A digression... PARTITIONing by date should be very useful for you since you are deleting things over a year ago. I would recommend PARTITION BY RANGE(TO_DAYS(...)) and breaking it into 14 or 54 partitions (months or weeks, plus some overhead). This will eliminate the time it takes to delete the old rows, since DROP PARTITION is almost instantaneous.
More details are in my partition blog. Your situation sounds like both Use case #1 and Use case #3.
But back to your clever idea of dropping and rebuilding indexes. To others, I point out the caveat that you have the luxury of not otherwise touching the table for long enough to do the rebuild.
With PARTITIONing, all the rows being inserted will go into the 'latest' partition, correct? This partition is a lot smaller than the entire table, so there is a better chance that the indexes will fit in RAM, thereby be 10 times as fast to update (without rebuilding the indexes). If you provide SHOW CREATE TABLE, SHOW TABLE STATUS, innodb_buffer_pool_size, and RAM size, I can help you do the arithmetic to see if your 'last' partition will fit in RAM.
A note about index updates in InnoDB -- they are 'delayed' by sitting in the "Change buffer", which is a portion of the buffer_pool.

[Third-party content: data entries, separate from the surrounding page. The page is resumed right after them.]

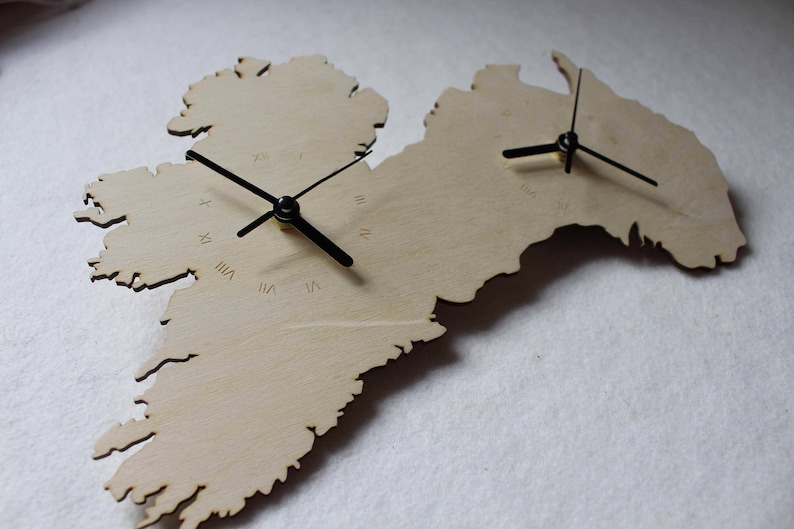 Ireland and Australia Connected Map Clock Country shape clock wooden map IE and AU clock handmade Ireland I'm irish Xmass gift image 2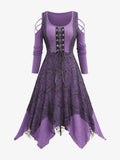 Damen Gothic Maxikleid mit Spitzenbesatz und Schnürung R&B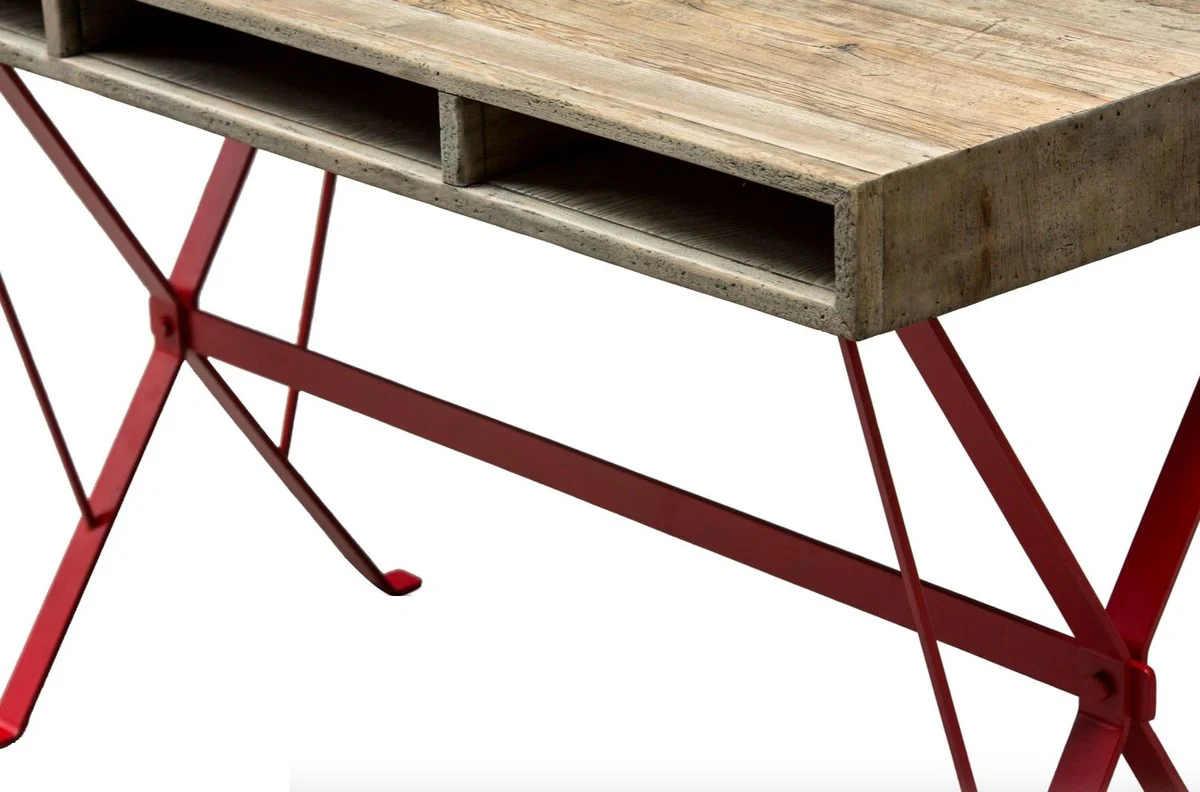 Casa Padrino mesa de diseño con patas pintadas en polvo rojo 120 x 60 x H. 77 cm - muebles de oficina de diseño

See innodb_change_buffer_size_max, available since 5.6. Are you using that version, or newer? (If not, you ought to upgrade, for many reasons.)

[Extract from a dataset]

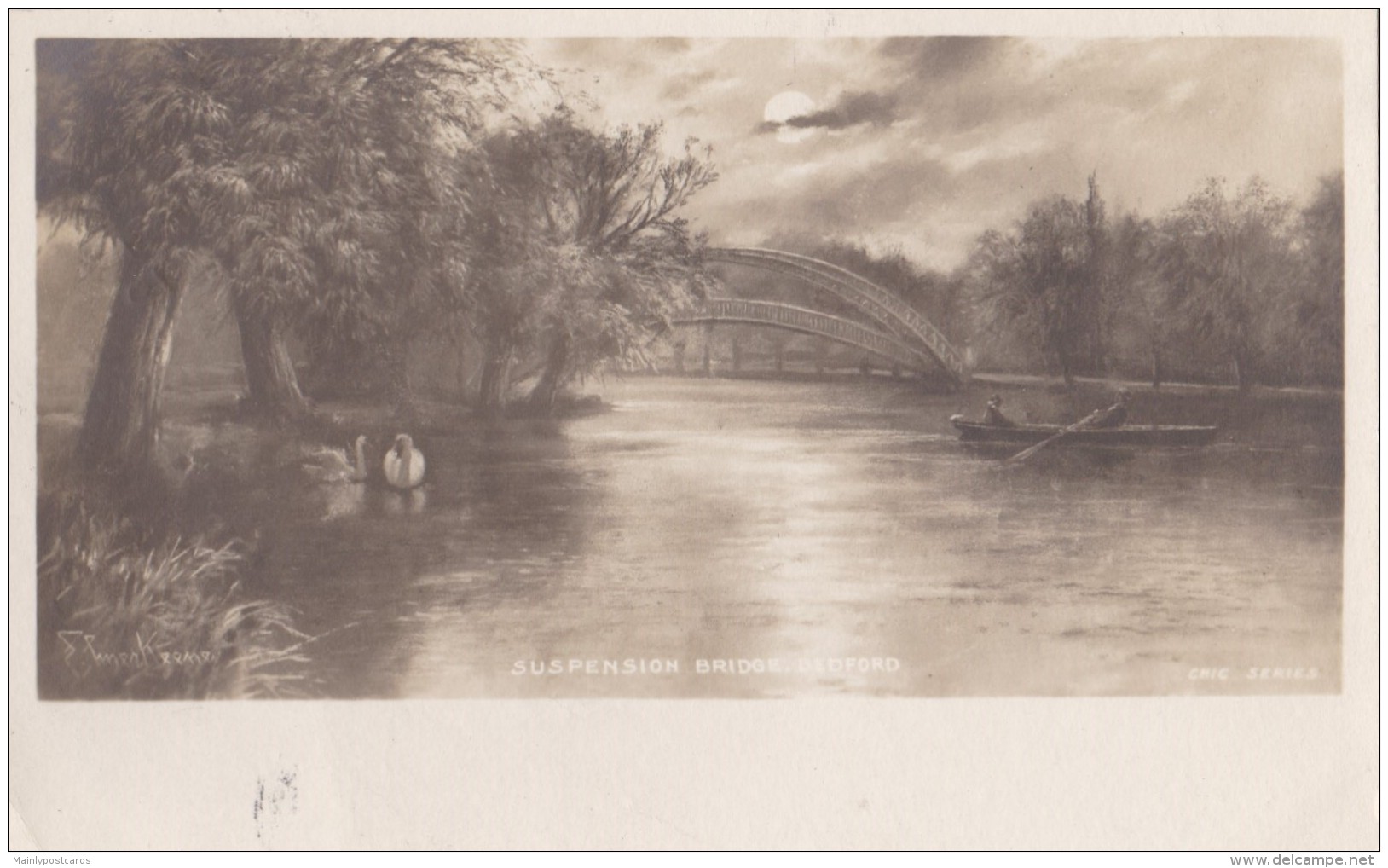 AM73 Elmer Keene Postcard - Suspension Bridge, Bedford - Bedford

The default for that setting is 25, meaning that 25% of the buffer_pool is set aside for pending updates to indexes, as caused by INSERT, etc. That acts like a "cache", such that multiple updates to the same index block are held there until they get bumped out. A higher setting should make index updates hit the disk less often, hence finish faster.

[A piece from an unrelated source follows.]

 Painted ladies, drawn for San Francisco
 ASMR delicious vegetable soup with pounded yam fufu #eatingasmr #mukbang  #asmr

Where I am heading with this... By increasing this setting, you would make the inserts (direct, not rebuild) more efficient. I'm thinking that this might speed it up:
Just before the nightly INSERTs:
innodb_change_buffer_size_max = 70
innodb_old_blocks_pct = 10
Soon after the nightly INSERTs:
innodb_change_buffer_size_max = 25
innodb_old_blocks_pct = 37
(I am not sure about that other setting, but it seems reasonable to push it out of the way.)
Meanwhile, what is the setting of innodb_buffer_pool_size? Typically, it should be 70% of available RAM.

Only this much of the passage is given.